_SOURCE MATERIAL_
⁂

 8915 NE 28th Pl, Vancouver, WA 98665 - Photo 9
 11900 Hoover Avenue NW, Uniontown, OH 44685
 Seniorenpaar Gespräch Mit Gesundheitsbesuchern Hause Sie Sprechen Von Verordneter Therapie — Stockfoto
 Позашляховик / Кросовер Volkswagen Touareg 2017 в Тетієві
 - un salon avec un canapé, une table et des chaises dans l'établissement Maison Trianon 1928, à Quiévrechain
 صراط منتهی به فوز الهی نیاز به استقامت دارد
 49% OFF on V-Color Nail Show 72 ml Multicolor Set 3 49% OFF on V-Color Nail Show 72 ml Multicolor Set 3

⁂

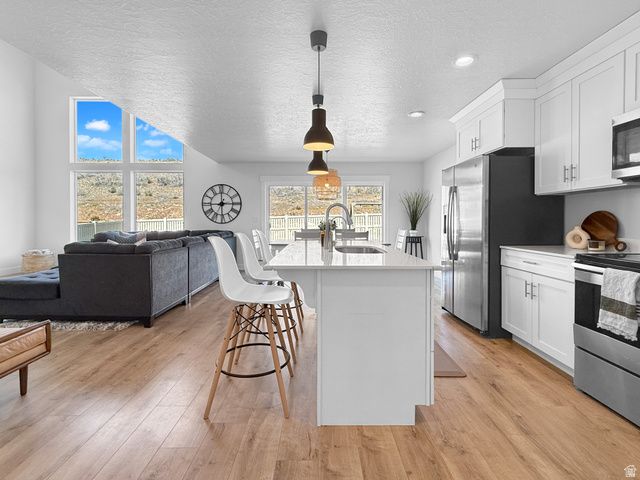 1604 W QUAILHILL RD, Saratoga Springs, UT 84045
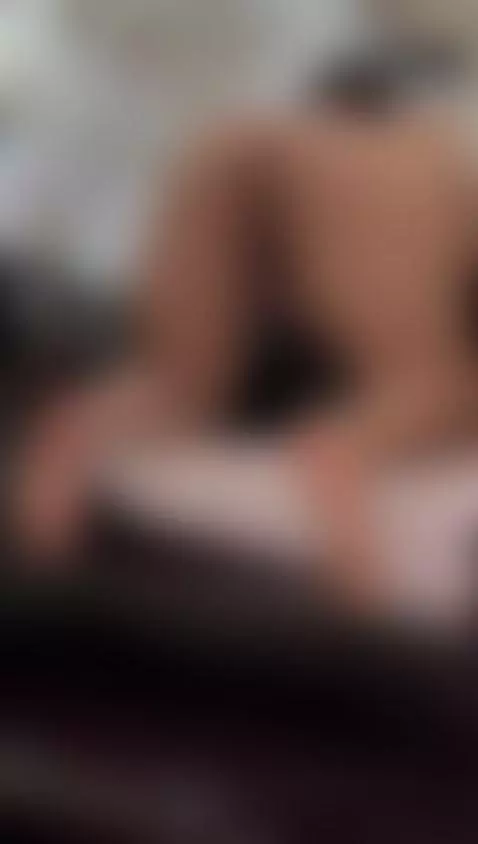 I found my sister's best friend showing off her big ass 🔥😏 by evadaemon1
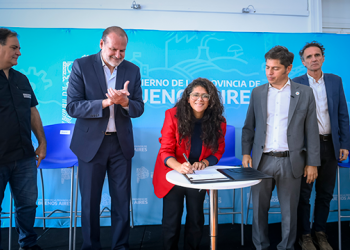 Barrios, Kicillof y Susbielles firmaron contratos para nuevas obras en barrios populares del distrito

⁂

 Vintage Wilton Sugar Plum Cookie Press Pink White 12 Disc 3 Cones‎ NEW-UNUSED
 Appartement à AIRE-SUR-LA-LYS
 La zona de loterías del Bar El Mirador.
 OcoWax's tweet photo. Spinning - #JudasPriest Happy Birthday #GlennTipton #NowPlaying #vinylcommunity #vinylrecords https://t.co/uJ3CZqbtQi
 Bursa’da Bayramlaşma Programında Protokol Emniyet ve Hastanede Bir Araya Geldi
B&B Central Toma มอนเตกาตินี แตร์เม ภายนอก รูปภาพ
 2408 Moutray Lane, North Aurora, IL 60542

⁂

_WORK ITEM_
Print, without alteration, only the lines above between the one holding "Seniorenpaar Gespräch Mit" and the one holding "صراط منتهی به فوز الهی نیاز به استقامت دارد", inclusive.

_TASK RESPONSE_
 Seniorenpaar Gespräch Mit Gesundheitsbesuchern Hause Sie Sprechen Von Verordneter Therapie — Stockfoto
 Позашляховик / Кросовер Volkswagen Touareg 2017 в Тетієві
 - un salon avec un canapé, une table et des chaises dans l'établissement Maison Trianon 1928, à Quiévrechain
 صراط منتهی به فوز الهی نیاز به استقامت دارد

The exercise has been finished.